Vehse stützte gestern die Darstellung seines früheren Chefs. Rittinghaus habe damals die Verhandlungen platzen lassen wollen, wenn er ein 4-Millionen-Mark-Darlehen zurückzahlen müsse und damit die 25 Millionen auf 21 schrumpften. Deshalb sei er, Vehse, auf die Idee gekommen, dem ZMD 29 Millionen mitzugeben. "Es gab dazu keine Weisung und keinen Einfluss von Minister Schommer", sagte Vehse, der für die Verhandlungen verantwortlich war. Das entscheidende Treffen am 15. Oktober 1998 habe er jedoch nicht wahrnehmen können. Damit habe er Ennen beauftragt und ihm die Vollmacht gegeben, notfalls auf 29 Millionen Mark zu erhöhen, wenn sonst die Verhandlungen scheitern sollten.

Auf Anfrage des SPD-Abgeordneten Karl Nolle erklärte Vehse gestern, der gleiche Ennen habe ihm vor einiger Zeit die Werbeaktion für den Tango-Club in Freiburg bestätigt. Nolle, der den Vorgang 1998 oder 1999 ansiedelt, sprach von Korruption und äußerte einen weiteren Verdacht, wonach Ennen sich von einem SAG-Vorstand beim Börsengang 1997 ein Aktienpaket über 5000 Mark schenken und später für 17.000 verkaufen lassen habe. Ennen ist gegenwärtig für den Freistaat in Brüssel tätig. Das Wirtschaftsministerium bestätigte gestern auf Anfrage DNN-Informationen, dass es ein "disziplinarisches Vorermittlungsverfahren" im Ministerium gebe. Es werde allen Vorwürfen entschieden nachgegangen, sagte Sprecherin Annette Binninger. Nähere Angaben machte sie nicht.

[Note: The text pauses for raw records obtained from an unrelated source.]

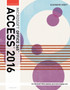 Illustrated Microsoft? Office 365 & Access 2016 : Intermediate by Lisa Friedrichsen - Paperback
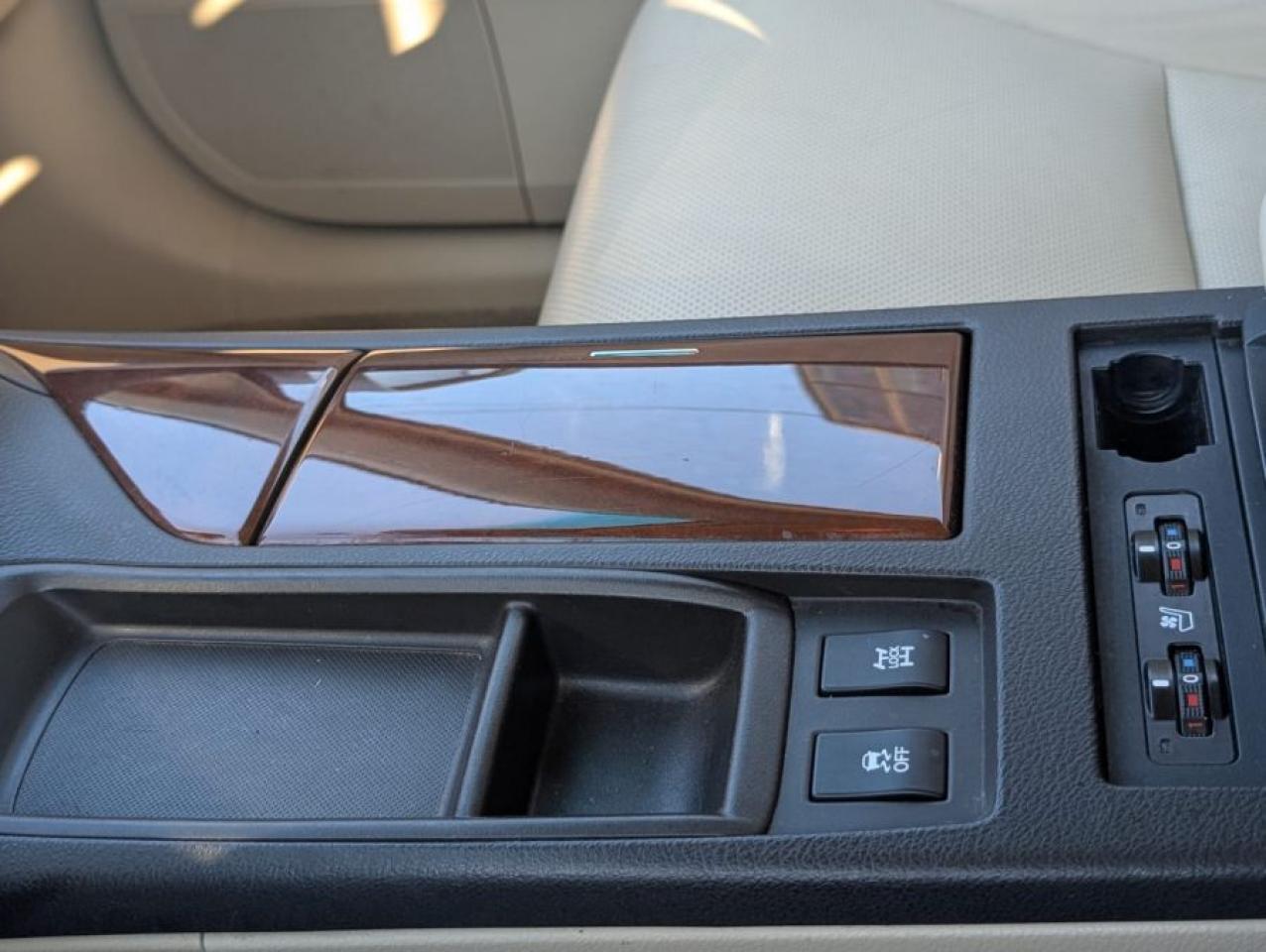2013 Lexus RX 350 " - Photo #15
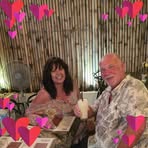 Profile Picture of Alice Haans (@alice.haans.2025) on Facebook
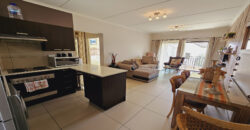 1 Bed Fully Furnished Apartment: Fourways: Sandton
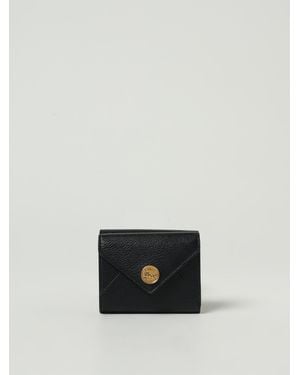 Chloé Borsa A Mano Donna - Bianco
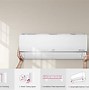 Image result for LG Room Air Conditioner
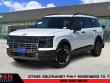 New 2026 Hyundai Palisade XRT Pro SUV
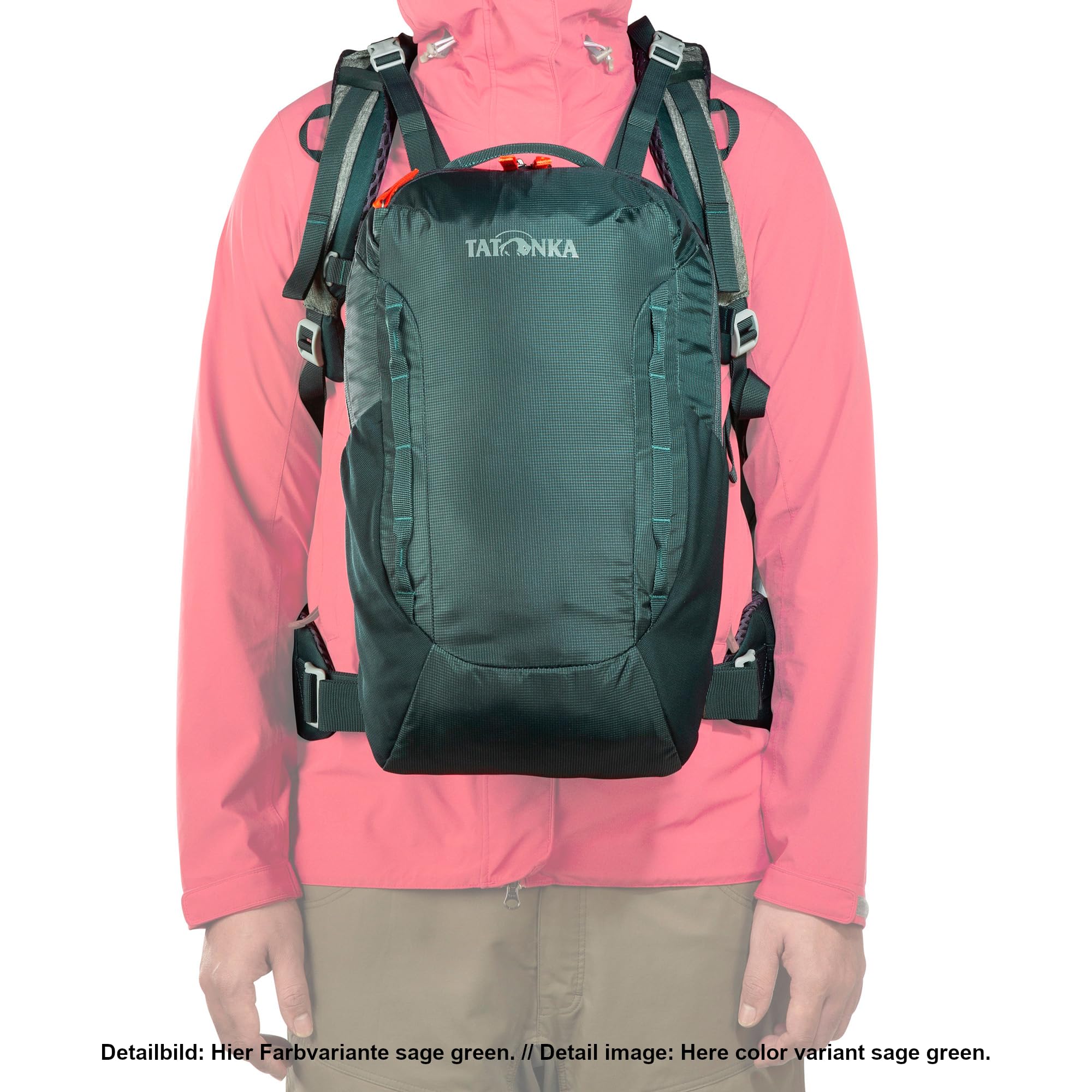 tatonka-great-escape-50-15-women-reiserucksack-50-15-liter image 7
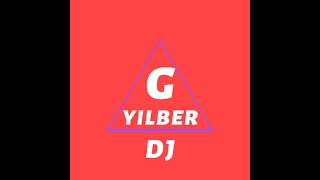 Chayanne  Torero Extended Yilber G [upl. by Verda]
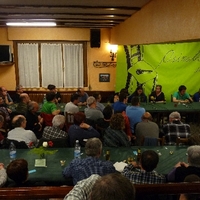 xdz4_arg/xdz4_arg/xdz4_arg/xdz4_arg_20150411gabiria/xdz4_arg_20150411gabiria_056.jpg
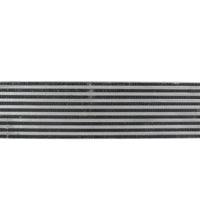 Intercooler BMW 535i XDrive 08-10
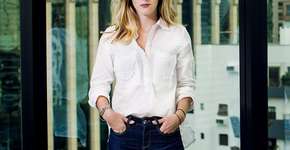 Foto: (Imagem sem texto alternativo disponivel ID [1765044])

Ennen, der im Beirat bei SAG und im Aufsichtsrat des ZMD saß und die Strategie von Vehse seit 12. oder 13. Oktober kannte, sagte am 15. Oktober 1998 der SAG die 29 Millionen Mark zu. Einen Monat später gab es ein Essen auf Schloß Eckberg, u.a. mit Rittinghaus, Vehse, Schommer und dem damaligen Finanzminister Georg Milbradt. Während der SAG-Chef vier Wochen zuvor noch mit Abbruch gedroht haben soll und damit vier Millionen Mark erlangte, ließ er sich bei diesem Essen "ohne größere Probleme" (Vehse) vom Freistaat die Option für einen 30 Prozent Anteil des Staates am ZMD abringen. Im Kaufvertrag tauchte das jedoch nicht auf, so Vehse, weil "wir die EU-Kommission auf diesen Zusammenhang zu diesem Zeitpunkt noch nicht aufmerksam machen wollten". Es liefen damals noch Beihilfeprüfungen.

Für Vehse war ZMD-Chef ein "hyperarroganter Schnösel"

Vielleicht lag das am guten Draht des Ministers zu Rittinghaus. Laut Vehse hat sich Schommer - auch gegen die Bedenke der Arbeitsebene - "sehr darum verdient gemacht", dass es für Sachsenring weitergehen konnte. Sein Verhältnis zu Rittinghaus sei eher von "kritischer Distanz" geprägt gewesen, sagte Vehse. Heute sehe er sich darin bestätigt. Wenn er schon damals gewusst hätte, dass Rittinghaus, "der immer auf Cash aus war", mit dem Projekt zur Mobilen Emissionsmessung (MEM) "betrügerisch" umgeht, hätte er das ZMD nicht an die SAG verkauft. Auch die damaligen ZMD-Geschäftsführer, Wolfgang Nolde und Detlef Golla, hätte ihn mit MEM "übers Ohr gehauen" damals. Vehses Verhältnis zum ZMD-Management wurde später nicht besser. Thilo von Selchow, der derzeit die Geschäfte in dem Halbleiter-Unternehmen unbestritten erfolgreich führt, sei für ihn ein "hyperarroganter Schnösel" gewesen.